Suppose a site has a photo gallery with hundreds of megabytes of image files, or an archive of zip files. These usually can't be compressed much (if at all), so the resulting backup file is huge.

This may cause the account to go over the quota (or maybe DA just won't allow the backup to finish), and it will certainly make downloading the archive a real pain.

As far as I could see in the docs and the demo panel (I don't use DA *yet*, I will very soon), there's no setting for file/dir exclusions.

I guess advanced users can log in with SSH and run backup from the command line (if SSH is enabled). But I think most web hosts don't really want users to do that...

I think exclusions are important for backups. If this is implemented I suggest it be a part of a "backup set" feature: A user can define all the settings for a backup and save them as a set for subsequent backups, with the option to store several such sets, eg. for daily, weekly, monthly backups, etc.

EZ.

PS - I'm not a web host, just a modest reseller (a happy customer of Dixiesys!), so I'd be interested to know what others do to backup a site with a big image gallery or an archive full of zip files.
 
Hello,

We don't have anything like that. You can just create a backup, and not include the domain files in the backup. Then you can create a simple sh script to make a tar.gz file and add a cron job to run that script however often you want.

John
 
John,

Yes it's possible to create custom backups with scripts and cron, but that requires familiarity and experienxe with Linux. The whole point of a CP is to let non-expert users manage their web sites, and backup is an important part of running a site.

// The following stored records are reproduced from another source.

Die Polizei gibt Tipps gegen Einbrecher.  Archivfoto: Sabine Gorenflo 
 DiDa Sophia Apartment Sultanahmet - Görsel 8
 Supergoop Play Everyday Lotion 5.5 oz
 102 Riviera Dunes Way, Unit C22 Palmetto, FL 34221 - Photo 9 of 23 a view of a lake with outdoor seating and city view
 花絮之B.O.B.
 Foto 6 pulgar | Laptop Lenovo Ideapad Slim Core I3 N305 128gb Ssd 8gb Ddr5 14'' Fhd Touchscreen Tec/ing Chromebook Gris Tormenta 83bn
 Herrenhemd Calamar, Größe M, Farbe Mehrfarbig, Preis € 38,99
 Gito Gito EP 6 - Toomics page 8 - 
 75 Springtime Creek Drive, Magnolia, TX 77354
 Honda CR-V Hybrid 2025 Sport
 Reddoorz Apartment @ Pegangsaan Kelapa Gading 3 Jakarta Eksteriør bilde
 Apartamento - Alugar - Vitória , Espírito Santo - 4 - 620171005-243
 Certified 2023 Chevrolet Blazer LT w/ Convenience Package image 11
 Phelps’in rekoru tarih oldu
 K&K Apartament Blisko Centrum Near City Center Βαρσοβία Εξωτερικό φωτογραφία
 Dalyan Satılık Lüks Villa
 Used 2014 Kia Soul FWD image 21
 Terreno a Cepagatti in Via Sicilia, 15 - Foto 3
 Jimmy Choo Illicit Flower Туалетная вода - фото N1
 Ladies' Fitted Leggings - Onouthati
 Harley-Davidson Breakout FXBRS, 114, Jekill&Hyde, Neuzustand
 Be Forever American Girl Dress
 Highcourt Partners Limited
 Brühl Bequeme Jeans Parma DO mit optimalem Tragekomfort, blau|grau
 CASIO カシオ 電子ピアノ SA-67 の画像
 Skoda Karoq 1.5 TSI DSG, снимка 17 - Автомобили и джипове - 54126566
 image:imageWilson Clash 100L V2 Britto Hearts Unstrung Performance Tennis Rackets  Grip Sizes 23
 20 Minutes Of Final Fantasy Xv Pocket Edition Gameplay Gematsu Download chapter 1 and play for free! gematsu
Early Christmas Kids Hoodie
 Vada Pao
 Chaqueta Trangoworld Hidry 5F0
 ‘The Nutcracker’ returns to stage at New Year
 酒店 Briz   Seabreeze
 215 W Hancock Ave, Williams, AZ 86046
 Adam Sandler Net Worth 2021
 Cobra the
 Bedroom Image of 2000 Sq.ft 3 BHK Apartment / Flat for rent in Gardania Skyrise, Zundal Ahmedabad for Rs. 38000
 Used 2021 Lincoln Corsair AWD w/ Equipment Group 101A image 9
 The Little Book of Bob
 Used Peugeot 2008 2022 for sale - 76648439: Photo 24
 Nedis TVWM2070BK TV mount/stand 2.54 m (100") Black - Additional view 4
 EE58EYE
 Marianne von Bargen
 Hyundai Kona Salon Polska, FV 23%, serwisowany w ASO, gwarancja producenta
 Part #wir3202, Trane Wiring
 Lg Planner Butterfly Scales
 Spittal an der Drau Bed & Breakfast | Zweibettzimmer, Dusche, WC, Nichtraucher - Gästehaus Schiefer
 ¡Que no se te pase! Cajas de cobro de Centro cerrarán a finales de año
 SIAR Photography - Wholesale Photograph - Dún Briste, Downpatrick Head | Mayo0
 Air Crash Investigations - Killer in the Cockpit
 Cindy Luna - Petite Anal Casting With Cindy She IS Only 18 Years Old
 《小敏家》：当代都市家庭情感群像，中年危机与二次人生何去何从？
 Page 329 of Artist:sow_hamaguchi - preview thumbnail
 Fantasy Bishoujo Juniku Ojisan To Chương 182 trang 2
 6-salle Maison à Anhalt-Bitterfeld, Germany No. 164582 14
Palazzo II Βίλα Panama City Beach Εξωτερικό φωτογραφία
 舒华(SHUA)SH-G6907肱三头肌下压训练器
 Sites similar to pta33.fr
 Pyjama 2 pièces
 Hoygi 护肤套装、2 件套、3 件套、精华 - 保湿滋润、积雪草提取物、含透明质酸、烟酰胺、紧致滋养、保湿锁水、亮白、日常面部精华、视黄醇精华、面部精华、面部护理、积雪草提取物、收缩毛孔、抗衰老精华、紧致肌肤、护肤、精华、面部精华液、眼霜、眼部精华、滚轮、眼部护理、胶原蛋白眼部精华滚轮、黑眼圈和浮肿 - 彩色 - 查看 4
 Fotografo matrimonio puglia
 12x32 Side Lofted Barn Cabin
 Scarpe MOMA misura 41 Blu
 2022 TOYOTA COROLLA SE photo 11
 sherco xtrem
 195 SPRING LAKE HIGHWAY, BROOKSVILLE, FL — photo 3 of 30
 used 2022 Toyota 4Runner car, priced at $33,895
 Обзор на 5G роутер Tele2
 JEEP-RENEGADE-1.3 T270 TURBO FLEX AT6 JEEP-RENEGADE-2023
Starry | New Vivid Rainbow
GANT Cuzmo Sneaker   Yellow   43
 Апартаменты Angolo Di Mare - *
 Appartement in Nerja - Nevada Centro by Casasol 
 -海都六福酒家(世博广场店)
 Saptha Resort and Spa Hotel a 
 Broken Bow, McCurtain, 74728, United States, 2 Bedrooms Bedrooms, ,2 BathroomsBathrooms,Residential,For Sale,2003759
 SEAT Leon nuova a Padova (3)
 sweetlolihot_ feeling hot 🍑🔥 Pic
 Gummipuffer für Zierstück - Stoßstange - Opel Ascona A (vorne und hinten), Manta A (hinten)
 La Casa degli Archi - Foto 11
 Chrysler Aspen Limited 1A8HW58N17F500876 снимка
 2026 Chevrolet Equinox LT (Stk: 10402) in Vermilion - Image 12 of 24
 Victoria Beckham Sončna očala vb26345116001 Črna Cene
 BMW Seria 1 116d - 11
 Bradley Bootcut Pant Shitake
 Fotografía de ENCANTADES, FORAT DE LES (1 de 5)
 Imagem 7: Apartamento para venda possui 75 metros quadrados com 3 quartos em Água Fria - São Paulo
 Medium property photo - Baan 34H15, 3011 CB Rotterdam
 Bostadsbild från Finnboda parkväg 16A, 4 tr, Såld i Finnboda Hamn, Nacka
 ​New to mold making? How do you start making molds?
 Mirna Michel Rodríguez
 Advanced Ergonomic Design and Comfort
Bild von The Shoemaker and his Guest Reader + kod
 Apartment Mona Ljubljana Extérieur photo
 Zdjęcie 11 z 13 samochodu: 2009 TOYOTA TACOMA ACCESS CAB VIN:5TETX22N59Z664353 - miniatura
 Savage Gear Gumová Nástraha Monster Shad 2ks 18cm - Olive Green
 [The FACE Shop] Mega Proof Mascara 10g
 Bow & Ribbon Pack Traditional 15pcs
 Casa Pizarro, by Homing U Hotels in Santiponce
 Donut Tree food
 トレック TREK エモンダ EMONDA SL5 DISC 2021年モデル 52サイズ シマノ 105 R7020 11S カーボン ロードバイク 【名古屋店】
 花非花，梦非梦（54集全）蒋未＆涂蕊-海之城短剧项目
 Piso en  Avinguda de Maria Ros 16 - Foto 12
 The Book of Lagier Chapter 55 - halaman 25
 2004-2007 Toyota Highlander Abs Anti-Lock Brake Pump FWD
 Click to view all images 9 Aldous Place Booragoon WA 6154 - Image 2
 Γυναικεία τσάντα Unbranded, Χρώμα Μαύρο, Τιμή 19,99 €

I understand that requests from hosts seem more important than requests from end users, but I still hope that you will add file/dir exclusions to future versions of DirectAdmin.

Regards,

EZ.
 
How about Daily, Weekly and Monthly backups aswell, with each form of backup in its own directory as above, and then dated within the directory so you know the exact date it was created? A little like what cpanel does, as at the moment you can do backups whenever you wish but they will goto the same directory overwriting the previous backups.
 
xcensus,

Our own implementations of serverwide backup resolve this problem by running cron jobs to rename directories after the backups are made into them.